- [About this exercise]: Once the line containing "Colorful Seahorse Print Area Rug" is found in the records below, return it and each following line exactly, up to and including the line containing "Pre-owned Dondolo Striped", and nothing else.

──────── Extracted material

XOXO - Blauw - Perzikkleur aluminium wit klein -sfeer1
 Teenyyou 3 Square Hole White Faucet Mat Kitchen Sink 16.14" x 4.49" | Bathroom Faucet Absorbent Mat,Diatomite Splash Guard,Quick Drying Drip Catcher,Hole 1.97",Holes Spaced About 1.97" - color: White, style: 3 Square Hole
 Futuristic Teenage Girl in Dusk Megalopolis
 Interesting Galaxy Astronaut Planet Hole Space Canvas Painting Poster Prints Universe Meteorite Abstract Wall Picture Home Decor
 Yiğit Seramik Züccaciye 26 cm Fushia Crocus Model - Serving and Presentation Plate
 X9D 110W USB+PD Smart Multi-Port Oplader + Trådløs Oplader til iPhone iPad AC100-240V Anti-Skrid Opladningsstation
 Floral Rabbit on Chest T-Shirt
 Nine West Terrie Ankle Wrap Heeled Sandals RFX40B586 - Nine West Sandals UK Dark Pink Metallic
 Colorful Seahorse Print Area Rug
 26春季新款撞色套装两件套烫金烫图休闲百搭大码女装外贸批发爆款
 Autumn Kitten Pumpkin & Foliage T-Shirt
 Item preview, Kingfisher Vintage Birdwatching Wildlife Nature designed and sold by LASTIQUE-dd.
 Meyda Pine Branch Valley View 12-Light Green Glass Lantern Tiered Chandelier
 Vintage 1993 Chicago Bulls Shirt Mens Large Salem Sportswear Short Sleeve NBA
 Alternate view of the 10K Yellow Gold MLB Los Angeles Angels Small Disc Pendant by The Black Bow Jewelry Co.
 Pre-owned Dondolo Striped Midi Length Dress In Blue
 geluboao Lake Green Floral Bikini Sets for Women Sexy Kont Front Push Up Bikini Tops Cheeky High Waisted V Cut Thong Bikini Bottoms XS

────────────────

- [Task solution]:
 Colorful Seahorse Print Area Rug
 26春季新款撞色套装两件套烫金烫图休闲百搭大码女装外贸批发爆款
 Autumn Kitten Pumpkin & Foliage T-Shirt
 Item preview, Kingfisher Vintage Birdwatching Wildlife Nature designed and sold by LASTIQUE-dd.
 Meyda Pine Branch Valley View 12-Light Green Glass Lantern Tiered Chandelier
 Vintage 1993 Chicago Bulls Shirt Mens Large Salem Sportswear Short Sleeve NBA
 Alternate view of the 10K Yellow Gold MLB Los Angeles Angels Small Disc Pendant by The Black Bow Jewelry Co.
 Pre-owned Dondolo Striped Midi Length Dress In Blue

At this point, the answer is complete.